Retrievals in combination with xarray depend on the used cluster

Question

Retrievals in combination with xarray depend on the used cluster

observingClouds opened this issue 2 years ago · 4 comments

xarray seems to request different amounts of files concurrently depending on the cluster configuration:

levante interactive

import xarray as xr
ds=xr.open_mfdataset("slk:///arch/mh0010/m300408/showcase/dataset.zarr", engine="zarr")
ds.air.mean().compute()
/scratch/m/m300408/arch/mh0010/m300408/showcase/dataset.zarr/air/0.0.0
/scratch/m/m300408/arch/mh0010/m300408/showcase/dataset.zarr/air/0.0.1
slk search '{"$and":[{"path":{"$gte":"/arch/mh0010/m300408/showcase/dataset.zarr/air","$max_depth":1}},{"resources.name":{"$regex":"0.0.0|0.0.1"}}]}'
/scratch/m/m300408/arch/mh0010/m300408/showcase/dataset.zarr/air/0.1.0
/scratch/m/m300408/arch/mh0010/m300408/showcase/dataset.zarr/air/0.1.1
slk search '{"$and":[{"path":{"$gte":"/arch/mh0010/m300408/showcase/dataset.zarr/air","$max_depth":1}},{"resources.name":{"$regex":"0.1.0|0.1.1"}}]}'
/scratch/m/m300408/arch/mh0010/m300408/showcase/dataset.zarr/air/1.0.0
/scratch/m/m300408/arch/mh0010/m300408/showcase/dataset.zarr/air/1.0.1
slk search '{"$and":[{"path":{"$gte":"/arch/mh0010/m300408/showcase/dataset.zarr/air","$max_depth":1}},{"resources.name":{"$regex":"1.0.0|1.0.1"}}]}'
/scratch/m/m300408/arch/mh0010/m300408/showcase/dataset.zarr/air/1.1.0
/scratch/m/m300408/arch/mh0010/m300408/showcase/dataset.zarr/air/1.1.1
slk search '{"$and":[{"path":{"$gte":"/arch/mh0010/m300408/showcase/dataset.zarr/air","$max_depth":1}},{"resources.name":{"$regex":"1.1.0|1.1.1"}}]}'

levante compute

import xarray as xr
ds=xr.open_mfdataset("slk:///arch/mh0010/m300408/showcase/dataset.zarr", engine="zarr")
ds.air.mean().compute()
/scratch/m/m300408/arch/mh0010/m300408/showcase/dataset.zarr/air/0.0.0
/scratch/m/m300408/arch/mh0010/m300408/showcase/dataset.zarr/air/0.0.1
/scratch/m/m300408/arch/mh0010/m300408/showcase/dataset.zarr/air/0.1.0
/scratch/m/m300408/arch/mh0010/m300408/showcase/dataset.zarr/air/0.1.1
/scratch/m/m300408/arch/mh0010/m300408/showcase/dataset.zarr/air/1.0.0
/scratch/m/m300408/arch/mh0010/m300408/showcase/dataset.zarr/air/1.0.1
/scratch/m/m300408/arch/mh0010/m300408/showcase/dataset.zarr/air/1.1.0
/scratch/m/m300408/arch/mh0010/m300408/showcase/dataset.zarr/air/1.1.1
slk search '{"$and":[{"path":{"$gte":"/arch/mh0010/m300408/showcase/dataset.zarr/air","$max_depth":1}},{"resources.name":{"$regex":"0.0.0|0.0.1|0.1.0|0.1.1|1.0.0|1.0.1|1.1.0|1.1.1"}}]}'

Answer 1 · 2023-01-12T15:54:29.000Z

Again, this is related to my comment in #10 . I think

Answer 2 · 2023-01-14T19:16:56.000Z

A few more insights. The different is likely caused by dask and how the dask task graph looks like. Depending on the available resources the task graph is created differently. If more resources are available then more data is requested.

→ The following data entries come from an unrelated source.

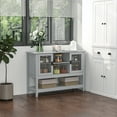 thumbnail image 1 of HOMCOM Modern Sideboard Buffet Cabinet, Console Table with Framed Glass Doors, Multiple Storage Options, and Anti-Topple for Kitchen, Living Room, Grey, 1 of 9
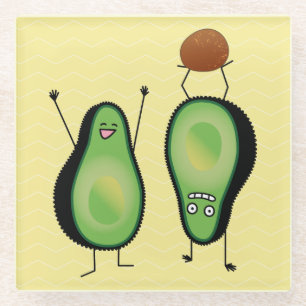 Avocado lustiges Beisammensein Handstand Grün Grub Glasuntersetzer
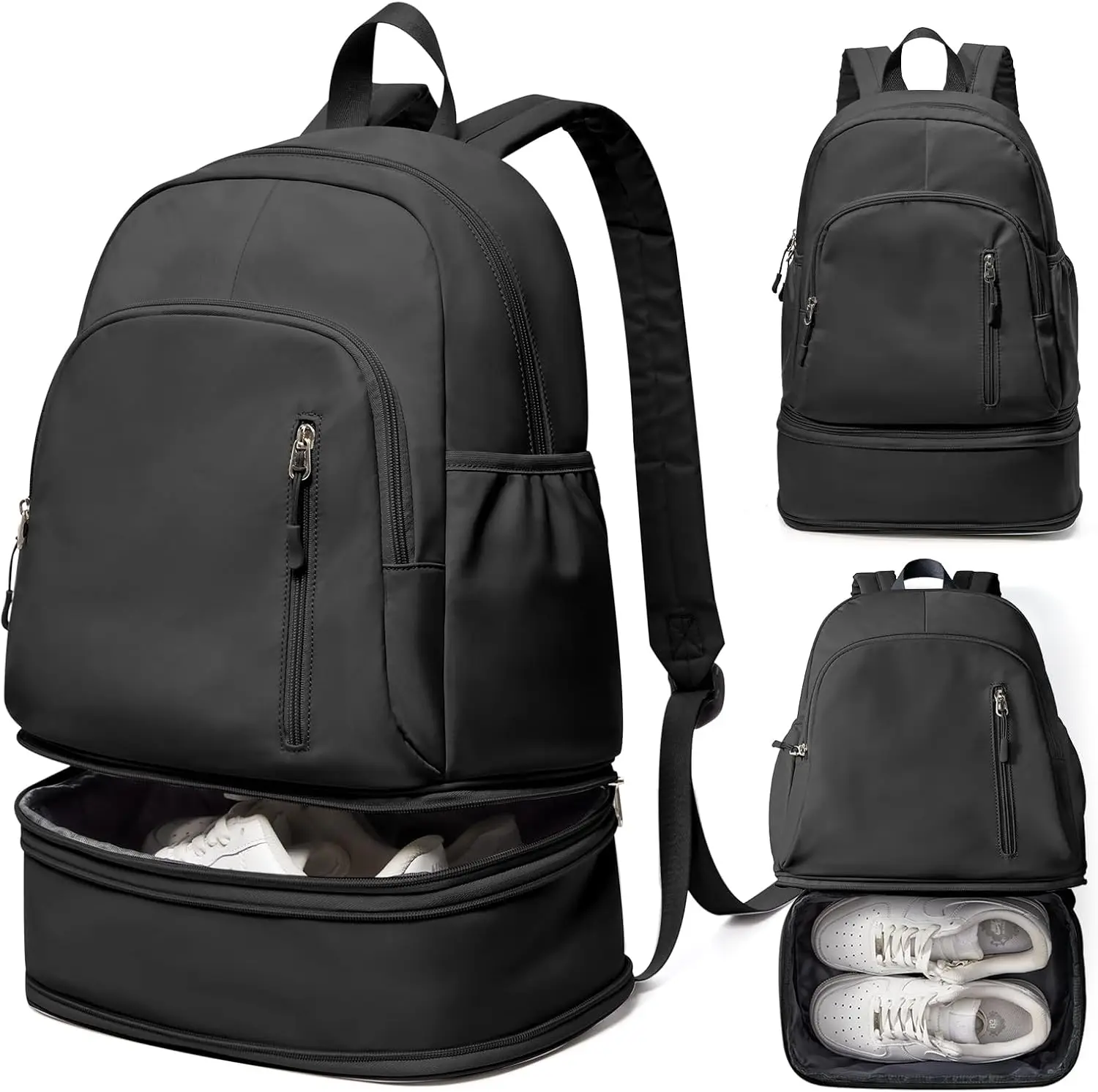 

Gym Backpack for Women Men, Lightweight Sports Backpack with Shoe Compartment, Waterproof Wet Pocket, Black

#21 scans the task graph and gathers all open-dataset requests and is thereby independent of the available resources.

Answer 3 · 2023-02-06T00:27:31.000Z

With #21 being merged the recommended way to retrieve files is to use the ds.slk.stage() command which operates independent of the available resources.

Answer 4 · 2023-02-22T21:42:24.000Z

This issue unfortunately seems to remain. Dask still schedules the retrievals depending on the available resources to the cluster.